Output the data that follows exactly, line for line.
^^^^
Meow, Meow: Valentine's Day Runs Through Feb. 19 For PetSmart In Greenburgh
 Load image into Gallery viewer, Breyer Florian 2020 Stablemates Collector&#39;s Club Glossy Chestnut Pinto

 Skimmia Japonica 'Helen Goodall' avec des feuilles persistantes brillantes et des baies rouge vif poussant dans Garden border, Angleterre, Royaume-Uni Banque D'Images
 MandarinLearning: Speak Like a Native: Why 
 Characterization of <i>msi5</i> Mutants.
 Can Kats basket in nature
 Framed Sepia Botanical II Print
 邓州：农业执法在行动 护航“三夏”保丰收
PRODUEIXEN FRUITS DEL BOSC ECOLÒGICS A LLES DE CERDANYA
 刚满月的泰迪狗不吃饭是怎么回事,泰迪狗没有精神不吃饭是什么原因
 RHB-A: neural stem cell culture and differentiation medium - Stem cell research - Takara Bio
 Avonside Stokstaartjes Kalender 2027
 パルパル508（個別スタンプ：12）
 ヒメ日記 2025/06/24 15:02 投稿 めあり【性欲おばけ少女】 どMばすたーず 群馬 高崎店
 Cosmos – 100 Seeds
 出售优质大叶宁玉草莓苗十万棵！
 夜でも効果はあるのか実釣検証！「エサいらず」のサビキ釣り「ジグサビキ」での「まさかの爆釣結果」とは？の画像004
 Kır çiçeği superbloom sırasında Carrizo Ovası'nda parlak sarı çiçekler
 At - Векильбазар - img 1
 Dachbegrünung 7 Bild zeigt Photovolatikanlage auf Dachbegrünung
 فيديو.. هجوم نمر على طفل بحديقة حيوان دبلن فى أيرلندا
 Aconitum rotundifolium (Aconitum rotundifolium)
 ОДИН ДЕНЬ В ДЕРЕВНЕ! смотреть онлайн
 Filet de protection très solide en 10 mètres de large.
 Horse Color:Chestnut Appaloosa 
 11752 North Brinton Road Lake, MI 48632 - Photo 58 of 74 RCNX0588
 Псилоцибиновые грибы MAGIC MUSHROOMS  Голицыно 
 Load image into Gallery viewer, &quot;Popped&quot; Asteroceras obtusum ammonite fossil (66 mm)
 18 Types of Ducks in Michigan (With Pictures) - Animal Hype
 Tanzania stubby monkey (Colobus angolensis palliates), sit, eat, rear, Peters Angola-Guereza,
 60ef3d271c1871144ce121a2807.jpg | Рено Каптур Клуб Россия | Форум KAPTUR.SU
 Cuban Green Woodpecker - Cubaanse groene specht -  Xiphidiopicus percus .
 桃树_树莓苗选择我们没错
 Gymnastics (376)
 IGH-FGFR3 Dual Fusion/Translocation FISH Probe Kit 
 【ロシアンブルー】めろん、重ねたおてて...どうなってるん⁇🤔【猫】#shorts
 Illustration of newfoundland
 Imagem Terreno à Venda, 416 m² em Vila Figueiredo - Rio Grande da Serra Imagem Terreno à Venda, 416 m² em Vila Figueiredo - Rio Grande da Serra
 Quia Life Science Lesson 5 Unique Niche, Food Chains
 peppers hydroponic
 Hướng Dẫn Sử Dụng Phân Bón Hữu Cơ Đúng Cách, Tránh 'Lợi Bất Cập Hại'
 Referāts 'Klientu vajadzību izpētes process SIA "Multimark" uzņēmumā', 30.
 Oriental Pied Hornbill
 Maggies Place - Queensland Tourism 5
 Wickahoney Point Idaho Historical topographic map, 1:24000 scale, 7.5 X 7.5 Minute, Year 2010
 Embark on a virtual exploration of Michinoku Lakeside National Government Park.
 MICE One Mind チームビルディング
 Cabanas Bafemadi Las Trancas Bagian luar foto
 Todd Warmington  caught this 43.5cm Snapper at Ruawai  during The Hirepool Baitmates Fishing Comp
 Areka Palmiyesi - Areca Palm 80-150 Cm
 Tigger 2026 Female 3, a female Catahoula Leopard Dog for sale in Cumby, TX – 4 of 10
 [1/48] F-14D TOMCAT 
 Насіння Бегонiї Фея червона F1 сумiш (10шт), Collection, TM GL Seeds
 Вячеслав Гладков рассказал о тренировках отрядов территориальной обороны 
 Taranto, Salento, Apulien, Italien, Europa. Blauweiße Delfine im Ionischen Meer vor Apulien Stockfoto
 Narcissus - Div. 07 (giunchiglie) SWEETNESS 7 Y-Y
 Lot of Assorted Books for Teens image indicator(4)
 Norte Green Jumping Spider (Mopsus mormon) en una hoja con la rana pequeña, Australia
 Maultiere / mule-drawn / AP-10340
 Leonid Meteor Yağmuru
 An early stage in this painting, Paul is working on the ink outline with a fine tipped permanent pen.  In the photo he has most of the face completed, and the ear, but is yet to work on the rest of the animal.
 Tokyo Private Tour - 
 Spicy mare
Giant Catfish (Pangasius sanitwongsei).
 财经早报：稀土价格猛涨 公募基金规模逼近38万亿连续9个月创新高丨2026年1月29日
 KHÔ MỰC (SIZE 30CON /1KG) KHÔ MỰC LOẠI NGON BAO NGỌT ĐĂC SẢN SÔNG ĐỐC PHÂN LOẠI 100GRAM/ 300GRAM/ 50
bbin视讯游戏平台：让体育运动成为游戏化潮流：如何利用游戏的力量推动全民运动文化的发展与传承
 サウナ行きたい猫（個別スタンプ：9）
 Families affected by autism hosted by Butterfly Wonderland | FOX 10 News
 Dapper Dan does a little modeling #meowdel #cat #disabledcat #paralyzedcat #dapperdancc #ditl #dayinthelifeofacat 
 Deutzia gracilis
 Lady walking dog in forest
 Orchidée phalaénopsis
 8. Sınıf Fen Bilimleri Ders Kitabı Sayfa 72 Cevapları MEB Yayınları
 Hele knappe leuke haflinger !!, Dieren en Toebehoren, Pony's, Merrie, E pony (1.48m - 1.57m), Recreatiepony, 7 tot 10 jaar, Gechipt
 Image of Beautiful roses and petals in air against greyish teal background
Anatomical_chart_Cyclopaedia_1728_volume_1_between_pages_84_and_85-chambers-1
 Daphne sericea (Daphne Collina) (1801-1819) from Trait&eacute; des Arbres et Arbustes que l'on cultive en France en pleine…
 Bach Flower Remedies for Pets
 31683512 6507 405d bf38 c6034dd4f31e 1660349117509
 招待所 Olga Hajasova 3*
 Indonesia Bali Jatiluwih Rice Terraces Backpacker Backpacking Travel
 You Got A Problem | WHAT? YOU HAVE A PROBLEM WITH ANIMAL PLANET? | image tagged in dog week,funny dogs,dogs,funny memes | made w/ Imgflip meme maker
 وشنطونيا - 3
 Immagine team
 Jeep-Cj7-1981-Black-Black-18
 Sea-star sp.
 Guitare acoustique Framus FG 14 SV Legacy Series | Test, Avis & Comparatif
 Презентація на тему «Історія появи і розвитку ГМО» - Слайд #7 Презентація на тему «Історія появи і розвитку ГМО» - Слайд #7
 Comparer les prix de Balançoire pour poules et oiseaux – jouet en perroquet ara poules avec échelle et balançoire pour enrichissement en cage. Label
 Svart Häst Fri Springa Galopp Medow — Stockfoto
^^^^
● **RESULT OF THIS EXERCISE**:
Meow, Meow: Valentine's Day Runs Through Feb. 19 For PetSmart In Greenburgh
 Load image into Gallery viewer, Breyer Florian 2020 Stablemates Collector&#39;s Club Glossy Chestnut Pinto

 Skimmia Japonica 'Helen Goodall' avec des feuilles persistantes brillantes et des baies rouge vif poussant dans Garden border, Angleterre, Royaume-Uni Banque D'Images
 MandarinLearning: Speak Like a Native: Why 
 Characterization of <i>msi5</i> Mutants.
 Can Kats basket in nature
 Framed Sepia Botanical II Print
 邓州：农业执法在行动 护航“三夏”保丰收
PRODUEIXEN FRUITS DEL BOSC ECOLÒGICS A LLES DE CERDANYA
 刚满月的泰迪狗不吃饭是怎么回事,泰迪狗没有精神不吃饭是什么原因
 RHB-A: neural stem cell culture and differentiation medium - Stem cell research - Takara Bio
 Avonside Stokstaartjes Kalender 2027
 パルパル508（個別スタンプ：12）
 ヒメ日記 2025/06/24 15:02 投稿 めあり【性欲おばけ少女】 どMばすたーず 群馬 高崎店
 Cosmos – 100 Seeds
 出售优质大叶宁玉草莓苗十万棵！
 夜でも効果はあるのか実釣検証！「エサいらず」のサビキ釣り「ジグサビキ」での「まさかの爆釣結果」とは？の画像004
 Kır çiçeği superbloom sırasında Carrizo Ovası'nda parlak sarı çiçekler
 At - Векильбазар - img 1
 Dachbegrünung 7 Bild zeigt Photovolatikanlage auf Dachbegrünung
 فيديو.. هجوم نمر على طفل بحديقة حيوان دبلن فى أيرلندا
 Aconitum rotundifolium (Aconitum rotundifolium)
 ОДИН ДЕНЬ В ДЕРЕВНЕ! смотреть онлайн
 Filet de protection très solide en 10 mètres de large.
 Horse Color:Chestnut Appaloosa 
 11752 North Brinton Road Lake, MI 48632 - Photo 58 of 74 RCNX0588
 Псилоцибиновые грибы MAGIC MUSHROOMS  Голицыно 
 Load image into Gallery viewer, &quot;Popped&quot; Asteroceras obtusum ammonite fossil (66 mm)
 18 Types of Ducks in Michigan (With Pictures) - Animal Hype
 Tanzania stubby monkey (Colobus angolensis palliates), sit, eat, rear, Peters Angola-Guereza,
 60ef3d271c1871144ce121a2807.jpg | Рено Каптур Клуб Россия | Форум KAPTUR.SU
 Cuban Green Woodpecker - Cubaanse groene specht -  Xiphidiopicus percus .
 桃树_树莓苗选择我们没错
 Gymnastics (376)
 IGH-FGFR3 Dual Fusion/Translocation FISH Probe Kit 
 【ロシアンブルー】めろん、重ねたおてて...どうなってるん⁇🤔【猫】#shorts
 Illustration of newfoundland
 Imagem Terreno à Venda, 416 m² em Vila Figueiredo - Rio Grande da Serra Imagem Terreno à Venda, 416 m² em Vila Figueiredo - Rio Grande da Serra
 Quia Life Science Lesson 5 Unique Niche, Food Chains
 peppers hydroponic
 Hướng Dẫn Sử Dụng Phân Bón Hữu Cơ Đúng Cách, Tránh 'Lợi Bất Cập Hại'
 Referāts 'Klientu vajadzību izpētes process SIA "Multimark" uzņēmumā', 30.
 Oriental Pied Hornbill
 Maggies Place - Queensland Tourism 5
 Wickahoney Point Idaho Historical topographic map, 1:24000 scale, 7.5 X 7.5 Minute, Year 2010
 Embark on a virtual exploration of Michinoku Lakeside National Government Park.
 MICE One Mind チームビルディング
 Cabanas Bafemadi Las Trancas Bagian luar foto
 Todd Warmington  caught this 43.5cm Snapper at Ruawai  during The Hirepool Baitmates Fishing Comp
 Areka Palmiyesi - Areca Palm 80-150 Cm
 Tigger 2026 Female 3, a female Catahoula Leopard Dog for sale in Cumby, TX – 4 of 10
 [1/48] F-14D TOMCAT 
 Насіння Бегонiї Фея червона F1 сумiш (10шт), Collection, TM GL Seeds
 Вячеслав Гладков рассказал о тренировках отрядов территориальной обороны 
 Taranto, Salento, Apulien, Italien, Europa. Blauweiße Delfine im Ionischen Meer vor Apulien Stockfoto
 Narcissus - Div. 07 (giunchiglie) SWEETNESS 7 Y-Y
 Lot of Assorted Books for Teens image indicator(4)
 Norte Green Jumping Spider (Mopsus mormon) en una hoja con la rana pequeña, Australia
 Maultiere / mule-drawn / AP-10340
 Leonid Meteor Yağmuru
 An early stage in this painting, Paul is working on the ink outline with a fine tipped permanent pen.  In the photo he has most of the face completed, and the ear, but is yet to work on the rest of the animal.
 Tokyo Private Tour - 
 Spicy mare
Giant Catfish (Pangasius sanitwongsei).
 财经早报：稀土价格猛涨 公募基金规模逼近38万亿连续9个月创新高丨2026年1月29日
 KHÔ MỰC (SIZE 30CON /1KG) KHÔ MỰC LOẠI NGON BAO NGỌT ĐĂC SẢN SÔNG ĐỐC PHÂN LOẠI 100GRAM/ 300GRAM/ 50
bbin视讯游戏平台：让体育运动成为游戏化潮流：如何利用游戏的力量推动全民运动文化的发展与传承
 サウナ行きたい猫（個別スタンプ：9）
 Families affected by autism hosted by Butterfly Wonderland | FOX 10 News
 Dapper Dan does a little modeling #meowdel #cat #disabledcat #paralyzedcat #dapperdancc #ditl #dayinthelifeofacat 
 Deutzia gracilis
 Lady walking dog in forest
 Orchidée phalaénopsis
 8. Sınıf Fen Bilimleri Ders Kitabı Sayfa 72 Cevapları MEB Yayınları
 Hele knappe leuke haflinger !!, Dieren en Toebehoren, Pony's, Merrie, E pony (1.48m - 1.57m), Recreatiepony, 7 tot 10 jaar, Gechipt
 Image of Beautiful roses and petals in air against greyish teal background
Anatomical_chart_Cyclopaedia_1728_volume_1_between_pages_84_and_85-chambers-1
 Daphne sericea (Daphne Collina) (1801-1819) from Trait&eacute; des Arbres et Arbustes que l'on cultive en France en pleine…
 Bach Flower Remedies for Pets
 31683512 6507 405d bf38 c6034dd4f31e 1660349117509
 招待所 Olga Hajasova 3*
 Indonesia Bali Jatiluwih Rice Terraces Backpacker Backpacking Travel
 You Got A Problem | WHAT? YOU HAVE A PROBLEM WITH ANIMAL PLANET? | image tagged in dog week,funny dogs,dogs,funny memes | made w/ Imgflip meme maker
 وشنطونيا - 3
 Immagine team
 Jeep-Cj7-1981-Black-Black-18
 Sea-star sp.
 Guitare acoustique Framus FG 14 SV Legacy Series | Test, Avis & Comparatif
 Презентація на тему «Історія появи і розвитку ГМО» - Слайд #7 Презентація на тему «Історія появи і розвитку ГМО» - Слайд #7
 Comparer les prix de Balançoire pour poules et oiseaux – jouet en perroquet ara poules avec échelle et balançoire pour enrichissement en cage. Label
 Svart Häst Fri Springa Galopp Medow — Stockfoto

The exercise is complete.